*Data shown*:
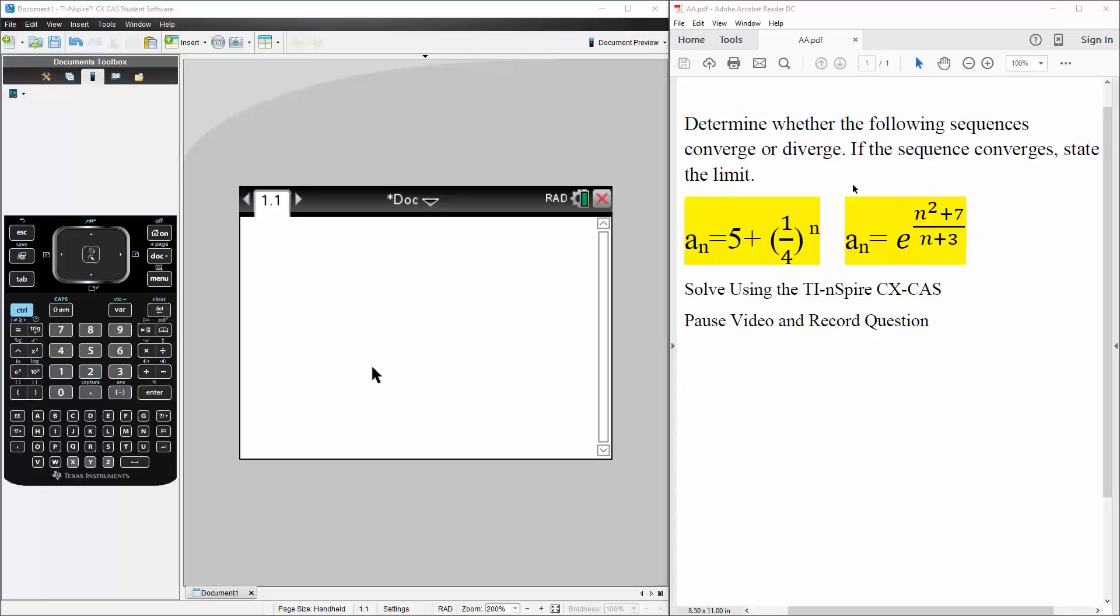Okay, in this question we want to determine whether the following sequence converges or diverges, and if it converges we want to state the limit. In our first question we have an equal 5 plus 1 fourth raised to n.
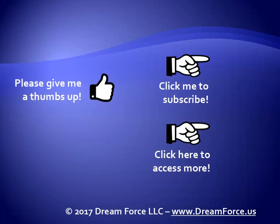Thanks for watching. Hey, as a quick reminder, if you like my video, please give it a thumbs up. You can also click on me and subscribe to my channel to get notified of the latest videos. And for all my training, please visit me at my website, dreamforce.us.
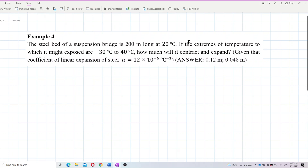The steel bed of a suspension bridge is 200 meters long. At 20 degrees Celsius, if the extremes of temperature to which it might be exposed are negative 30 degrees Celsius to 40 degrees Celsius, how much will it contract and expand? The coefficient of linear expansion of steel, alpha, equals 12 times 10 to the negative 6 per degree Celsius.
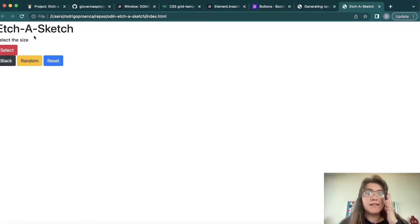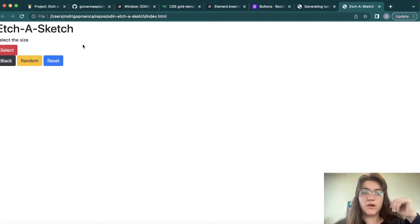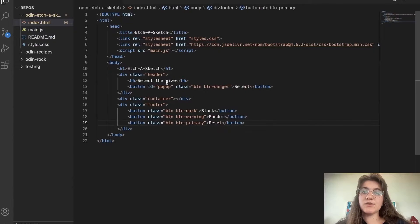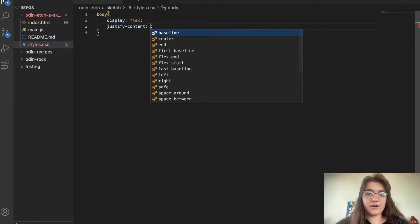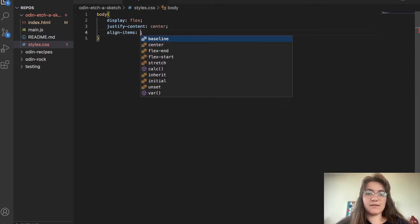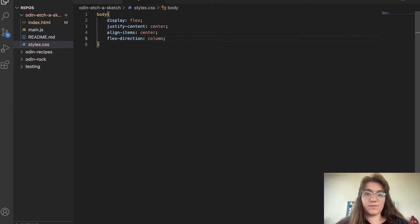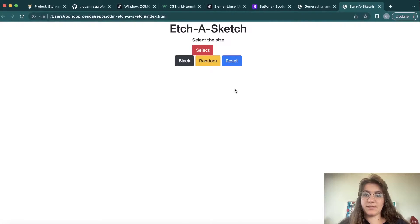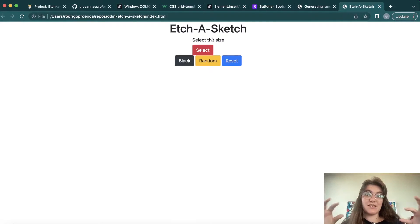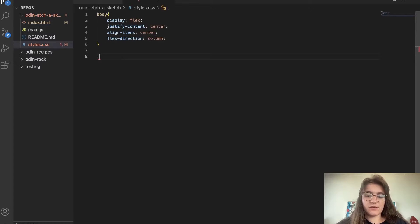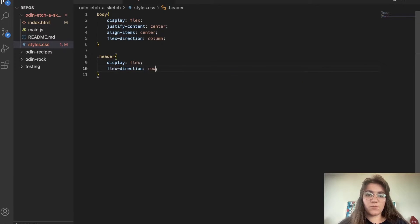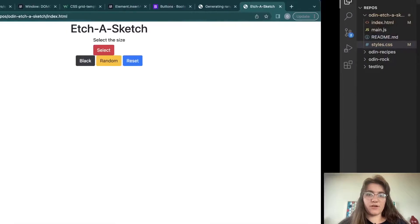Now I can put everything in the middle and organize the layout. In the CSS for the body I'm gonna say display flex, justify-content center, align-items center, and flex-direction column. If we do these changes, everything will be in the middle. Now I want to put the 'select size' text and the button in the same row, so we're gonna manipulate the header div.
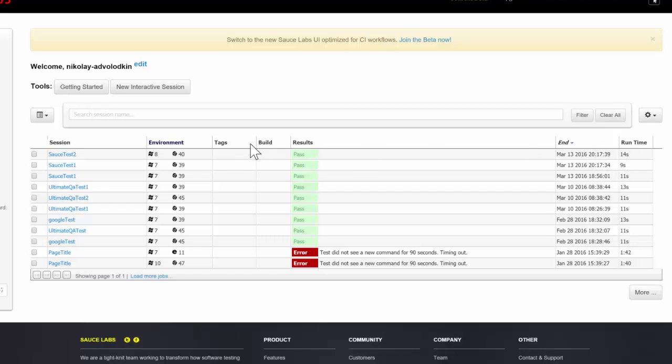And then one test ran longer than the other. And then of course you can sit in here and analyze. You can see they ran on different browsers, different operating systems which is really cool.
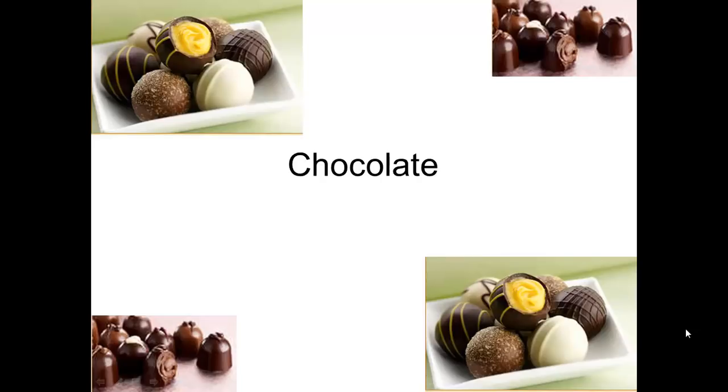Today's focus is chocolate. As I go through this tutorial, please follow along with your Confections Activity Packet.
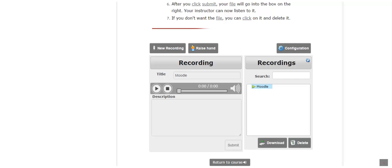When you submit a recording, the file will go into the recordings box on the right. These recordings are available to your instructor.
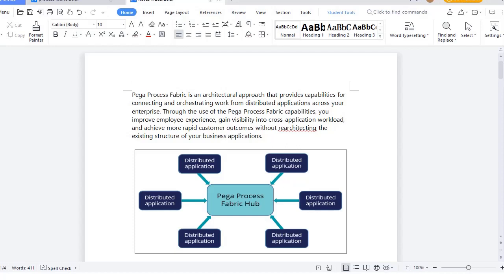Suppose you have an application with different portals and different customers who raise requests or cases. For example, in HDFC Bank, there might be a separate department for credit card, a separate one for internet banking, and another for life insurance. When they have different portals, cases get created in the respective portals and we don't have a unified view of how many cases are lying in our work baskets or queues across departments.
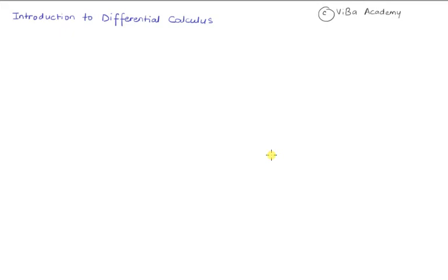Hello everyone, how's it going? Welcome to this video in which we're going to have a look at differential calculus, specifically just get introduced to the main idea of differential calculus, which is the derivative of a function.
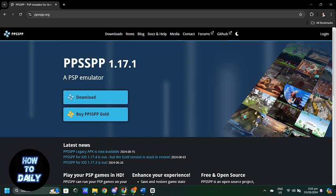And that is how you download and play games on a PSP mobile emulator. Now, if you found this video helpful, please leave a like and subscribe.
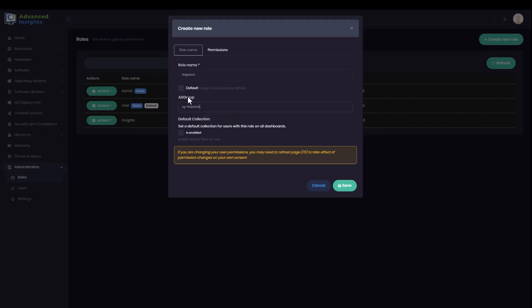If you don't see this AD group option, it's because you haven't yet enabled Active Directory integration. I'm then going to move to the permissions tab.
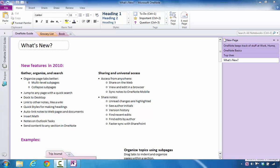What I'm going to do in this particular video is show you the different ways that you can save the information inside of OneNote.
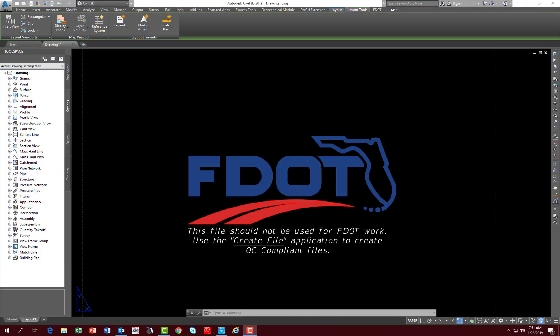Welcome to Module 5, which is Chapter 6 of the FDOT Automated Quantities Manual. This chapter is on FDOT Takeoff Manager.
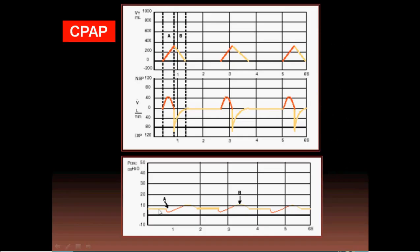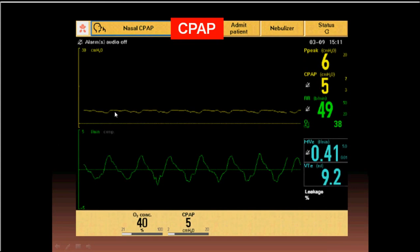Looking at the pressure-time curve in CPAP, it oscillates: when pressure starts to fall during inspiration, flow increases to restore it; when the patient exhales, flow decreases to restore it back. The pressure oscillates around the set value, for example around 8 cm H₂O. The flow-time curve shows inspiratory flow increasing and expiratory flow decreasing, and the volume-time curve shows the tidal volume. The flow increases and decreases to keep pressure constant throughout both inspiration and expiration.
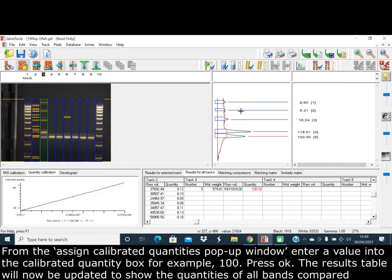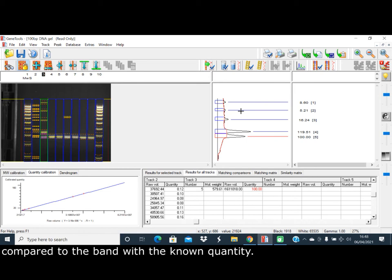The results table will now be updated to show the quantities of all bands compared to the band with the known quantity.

*Exercise prompt*: Each line of the data must be restated exactly, and the pictures must be left out.

*Written answer*:
Okay, in this question we want to determine whether the following sequence converges or diverges, and if it converges we want to state the limit. In our first question we have an equal 5 plus 1 fourth raised to n.
Thanks for watching. Hey, as a quick reminder, if you like my video, please give it a thumbs up. You can also click on me and subscribe to my channel to get notified of the latest videos. And for all my training, please visit me at my website, dreamforce.us.
The steel bed of a suspension bridge is 200 meters long. At 20 degrees Celsius, if the extremes of temperature to which it might be exposed are negative 30 degrees Celsius to 40 degrees Celsius, how much will it contract and expand? The coefficient of linear expansion of steel, alpha, equals 12 times 10 to the negative 6 per degree Celsius.
Now I can put everything in the middle and organize the layout. In the CSS for the body I'm gonna say display flex, justify-content center, align-items center, and flex-direction column. If we do these changes, everything will be in the middle. Now I want to put the 'select size' text and the button in the same row, so we're gonna manipulate the header div.
And then one test ran longer than the other. And then of course you can sit in here and analyze. You can see they ran on different browsers, different operating systems which is really cool.
Today's focus is chocolate. As I go through this tutorial, please follow along with your Confections Activity Packet.
When you submit a recording, the file will go into the recordings box on the right. These recordings are available to your instructor.
Suppose you have an application with different portals and different customers who raise requests or cases. For example, in HDFC Bank, there might be a separate department for credit card, a separate one for internet banking, and another for life insurance. When they have different portals, cases get created in the respective portals and we don't have a unified view of how many cases are lying in our work baskets or queues across departments.
Hello everyone, how's it going? Welcome to this video in which we're going to have a look at differential calculus, specifically just get introduced to the main idea of differential calculus, which is the derivative of a function.
And that is how you download and play games on a PSP mobile emulator. Now, if you found this video helpful, please leave a like and subscribe.
If you don't see this AD group option, it's because you haven't yet enabled Active Directory integration. I'm then going to move to the permissions tab.
What I'm going to do in this particular video is show you the different ways that you can save the information inside of OneNote.
Welcome to Module 5, which is Chapter 6 of the FDOT Automated Quantities Manual. This chapter is on FDOT Takeoff Manager.
Looking at the pressure-time curve in CPAP, it oscillates: when pressure starts to fall during inspiration, flow increases to restore it; when the patient exhales, flow decreases to restore it back. The pressure oscillates around the set value, for example around 8 cm H₂O. The flow-time curve shows inspiratory flow increasing and expiratory flow decreasing, and the volume-time curve shows the tidal volume. The flow increases and decreases to keep pressure constant throughout both inspiration and expiration.
The results table will now be updated to show the quantities of all bands compared to the band with the known quantity.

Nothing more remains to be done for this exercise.